Ссылка: страница руководства
https://github.com/the-tcpdump-group/tcpdump/blob/tcpdump-4.9/netdissect.h
/*
* Maximum snapshot length. This should be enough to capture the full
* packet on most network interfaces.
*
*
* Somewhat arbitrary, but chosen to be:
*
* 1) big enough for maximum-size Linux loopback packets (65549)
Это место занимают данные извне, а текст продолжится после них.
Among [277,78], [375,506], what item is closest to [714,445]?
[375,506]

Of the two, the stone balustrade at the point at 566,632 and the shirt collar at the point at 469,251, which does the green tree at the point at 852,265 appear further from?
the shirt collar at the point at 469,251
* and some USB packets captured with USBPcap:
*
* http://desowin.org/usbpcap/
*
* (> 131072, < 262144)
*
* and
*
* 2) small enough not to cause attempts to allocate huge amounts of
* memory; some applications might use the snapshot length in a
* savefile header to control the size of the buffer they allocate,
* so a size of, say, 2^31-1 might not work well.
*
* XXX - does it need to be bigger still?
*/
#define MAXIMUM_SNAPLEN 262144
Ничего особенного. Loopback Linux не ограничен аппаратными фреймами и поэтому имеет довольно большой максимальный размер - 64 КБ. Другие пакеты могут быть еще больше, поэтому увеличьте число от двух до 256 КБ.